_Action item_
Images don't belong in the copy. Output the rest of the data exactly.

_Data block_
----------------------------------------
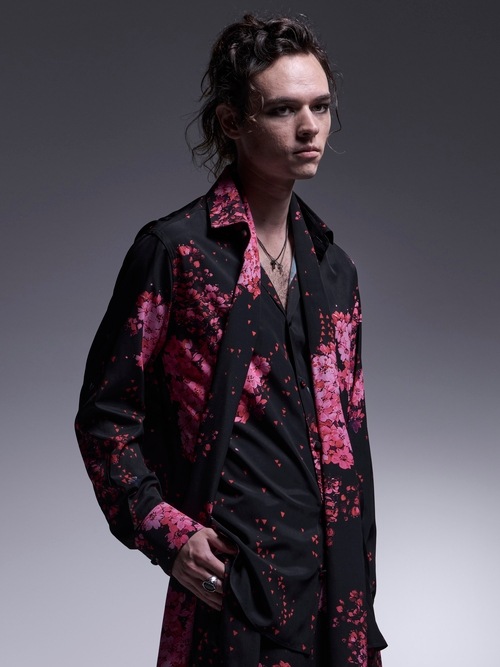 kiryuyrik������奦����奦/SAKURA Decine Shirt/Black��Pink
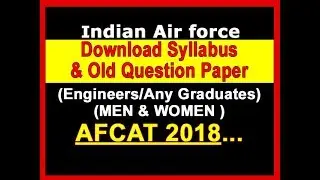 Syllabus Old Question AFCAT 1 2018 Recruitment, Notification, syllabus APPLY ONLINE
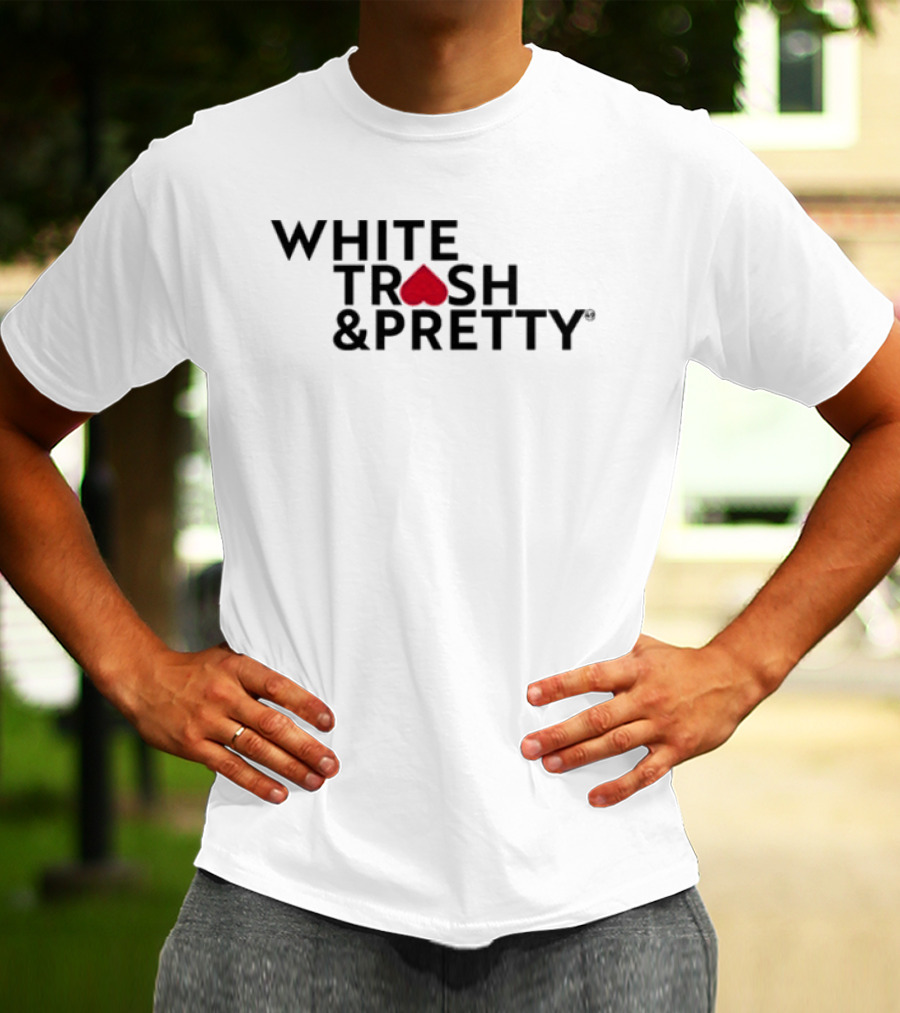 49 Winchester White Trash & Pretty Playing Card Heart T-Shirt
----------------------------------------
_Output of the task_
 kiryuyrik������奦����奦/SAKURA Decine Shirt/Black��Pink
 Syllabus Old Question AFCAT 1 2018 Recruitment, Notification, syllabus APPLY ONLINE
 49 Winchester White Trash & Pretty Playing Card Heart T-Shirt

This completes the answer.